Synthetic Introns Identify the Novel RNA Splicing Factor GPATCH8 As Required for Mis-Splicing Induced By SF3B1 Mutations

Mutations in the core RNA splicing factor SF3B1 are common across MDS, CLL, and clonal hematopoiesis. Prior studies have elucidated that mutations in SF3B1 result in neomorphic widespread changes in splicing due to usage of aberrant intronic branchpoint nucleotides. However, the molecular basis by which mutant SF3B1 induces mis-splicing is not established and therapeutic means to correct mis-splicing due to mutant SF3B1 do not exist.

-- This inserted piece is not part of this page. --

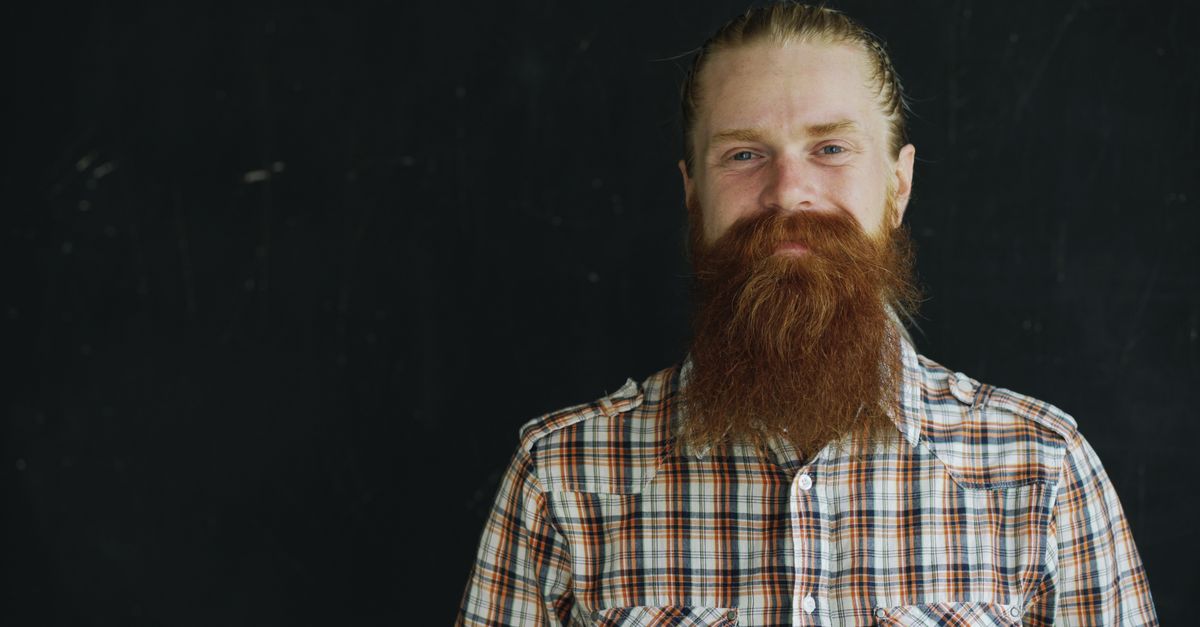man full beard portrait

Recently, the aberrant gain-of-function splicing activity of mutant SF3B1 was harnessed to regulate expression of proteins in a mutant selective manner using synthetic version of endogenous mRNA sequences uniquely recognized by mutant SF3B1. Here, we utilized this technology to engineer a synthetic intron derived from MAP3K7 that interrupts the coding sequence of the fluorescent protein mEmerald such that mutant SF3B1 produces lower mEmerald expression than SF3B1 wild-type (WT) cells (Fig.A).

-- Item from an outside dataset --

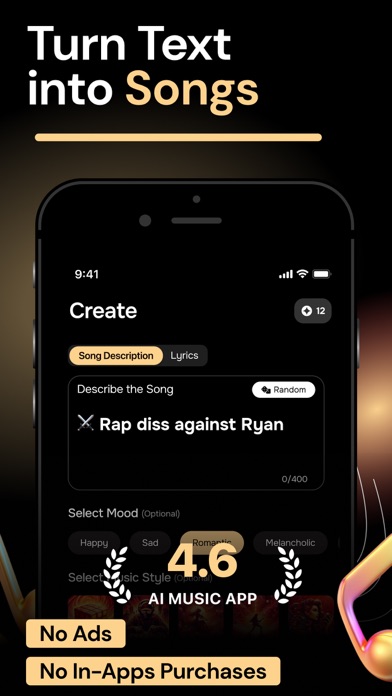 MIA: AI Song Generator screenshot 2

This fluorescent splicing reporter was then used to perform positive enrichment whole genome CRISPR screens to identify genes whose deletion corrects SF3B1 mutant aberrant splicing. GPATCH8 was the single most robust hit. GPATCH8 knockout strongly corrected mis-splicing of both synthetic and endogenous MAP3K7 introns (Fig.A). A previously unexplored protein, GPATCH8 has domains characteristic of RNA splicing factors including a G-patch motif, thought to be important in activating RNA helicases. Interestingly, recent work suggests that mutations in SF3B1 result in mis-splicing by disrupting physical interaction of SF3B1 to the RNA helicase DHX15 via the G-patch domain containing protein SUGP1. We therefore compared SUGP1 to GPATCH8 activity, evaluating first their transcriptome-wide binding sites using TRIBE-seq. We found that both proteins predominantly target intronic sequences over other genomic regions suggesting roles in splicing. RNA-seq of SF3B1 mutant and WT cells with or without GPATCH8/SUGP1 deletion revealed that ~33% of SF3B1 mutant splicing alterations are corrected by GPATCH8 deletion, while ~60% of SF3B1 mutant splicing alterations are recapitulated upon SUGP1 deletion. GPATCH8 regulated splicing events have stronger branchpoints indicating a potential role for GPATCH8 in 3’ splice site recognition.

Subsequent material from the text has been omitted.